Could Okinawa Derail U.S.-Japan Relations?

April 2, 2015 Topic: Politics Region: Asia

Could Okinawa Derail U.S.-Japan Relations?

"Averting an alliance crisis over Okinawa was Reischauer and Kennedy’s challenge. Averting another one is ours."

 

No one shouted this time. A half century ago, the Okuma auditorium in Tokyo was the scene of a dramatic cry for a greater Japanese voice in its alliance with the United States—and a remarkable gesture, from a visiting Robert F. Kennedy, that it might be forthcoming.

This March, at a symposium at Okuma with a different Kennedy presiding, the theme of inclusion rang out again.

 

The symposium, which featured speakers Ambassador Caroline Kennedy, Japanese Prime Minister Shinzo Abe, and former President Bill Clinton, honored the legacy of John F. Kennedy in U.S.-Japan relations. The John F. Kennedy Library Foundation organized the event, as well as a joint exhibition co-sponsored by the National Archives of Japan.

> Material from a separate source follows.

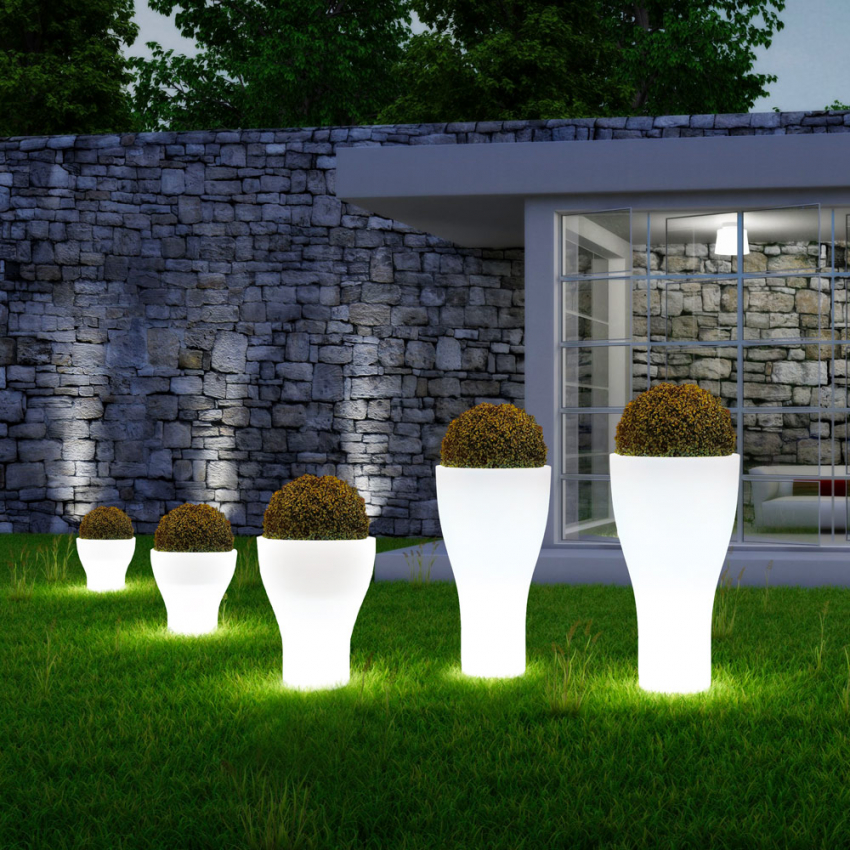 Bezwaar diep Het is de bedoeling dat Domus ronde hoge lichtgevende buiten plantenbak in modern design met  lichtset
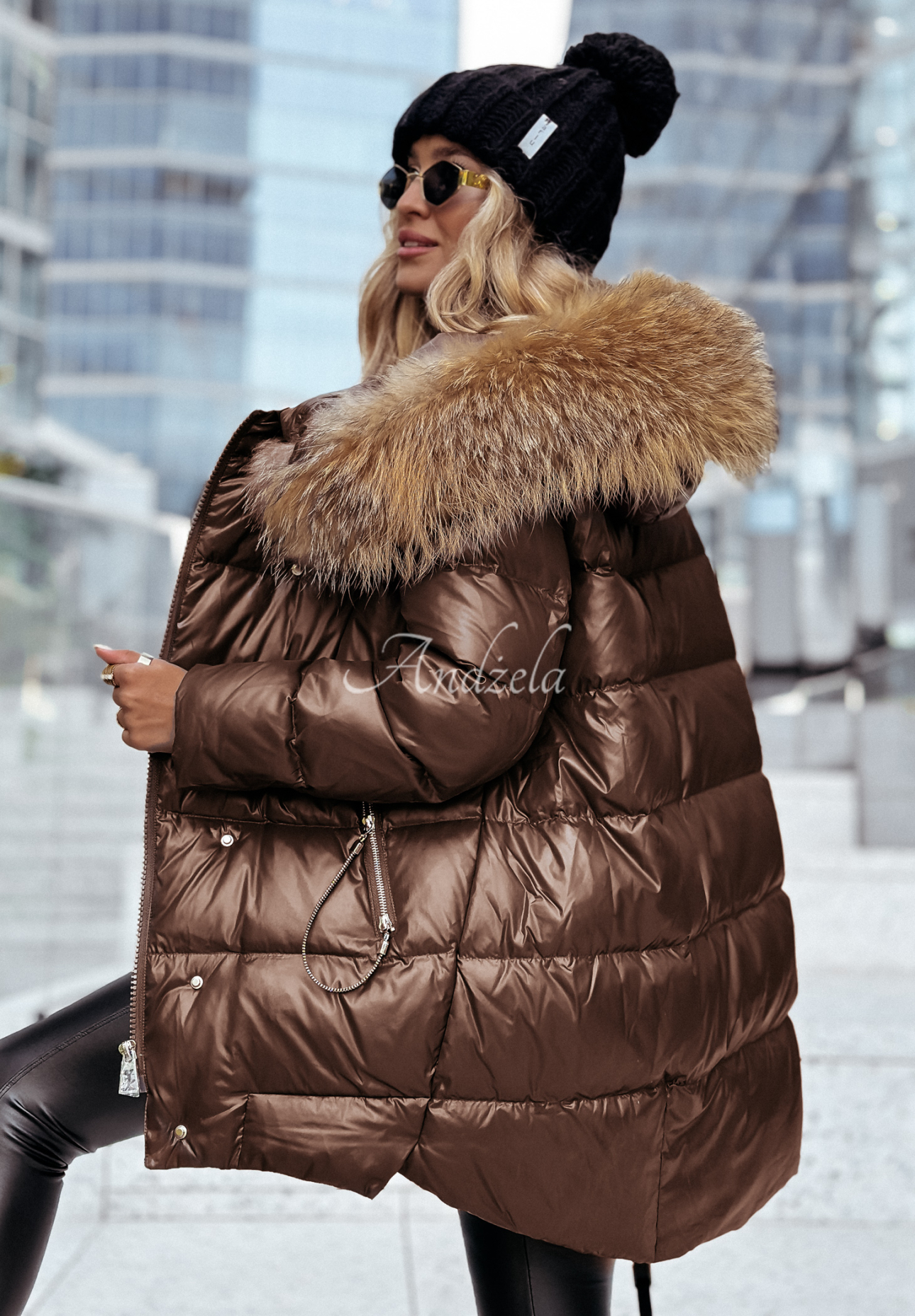 Asymmetrical down jacket with fur Excellent chocolate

Both the exhibition and symposium discussed the Kennedy administration and its legacies in the realms of science and space, civil rights, and counterproliferation.

As I chronicled in a previous article for The National Interest, the Kennedy years were pivotal in U.S.-Japan relations. When the president took office, relations were deeply troubled. In May 1960, the streets of Tokyo swarmed with protesters opposing the renewal of the U.S.-Japan Security Treaty.

Many Japanese people feared that the alliance would draw Japan into war with the Soviet Union, and worried about the Americans’ embrace of Japan’s wartime leaders (now their anticommunist LDP allies). Many Japanese people also railed against U.S. control over Okinawa, which it had seized in the war. Locals resented the massive U.S. military footprint and the debauchery and violence committed by American servicemen.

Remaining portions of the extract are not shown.